Whether it has been natural disasters or hacking incidents, recent crises have served as a dramatic reminder that it takes a lot to get back in business following a disruption. Complete disaster recovery means setting up a fully functioning physical or virtual infrastructure, establishing all necessary network connectivity and capability, and getting the enterprise up and running in the amount of time required by the organization’s strategy. One of the first steps to recovery is restoring data, applications and services from backups.
For many years, tape was the primary medium for backing up data and it remains an effective and affordable method, especially for lower-tier data that is less than mission-critical. It is also the most economical and secure medium for long-term preservation, archival and compliance requirements. Because they are offline, tape backups will be uninfected in the event of a widespread ransomware, malware or other cyberattack. And, when all else fails, tape is often a reliable backup. That was the case in 2011, when an update of Google’s Gmail storage went awry, erasing more than 150,000 user accounts while also rendering Google’s redundant cloud-based copies unavailable. Fortunately, Google was able to restore users’ data from physical tape backups kept offsite.

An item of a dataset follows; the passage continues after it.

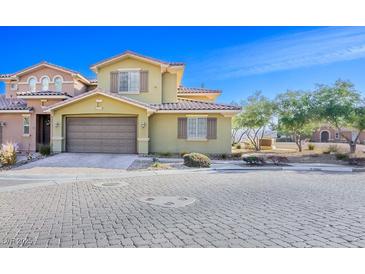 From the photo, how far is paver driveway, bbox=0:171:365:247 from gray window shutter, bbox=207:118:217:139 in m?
8.46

But the logistics of transporting tapes between production and recovery facilities, the one-to-one relationship of tape devices to data streams and the time delay in retrieving and mounting tapes to put them to work have sent businesses looking for faster alternatives.
This has led to considerable reliance on the cloud. However, a common and risky misconception has developed among executives that cloud backups alone will allow them to quickly resume operations following an interruption or disaster. Perhaps this idea comes from their personal, day-to-day experience with the cloud and the impression it creates of services and data that are always on, always available, and accessible from anywhere. Or maybe because providers of cloud-based backup-as-a-service products store multiple backups in different locations, it has given customers a sense that their data will be available immediately when needed, even if they have never taken steps to actually use the backup.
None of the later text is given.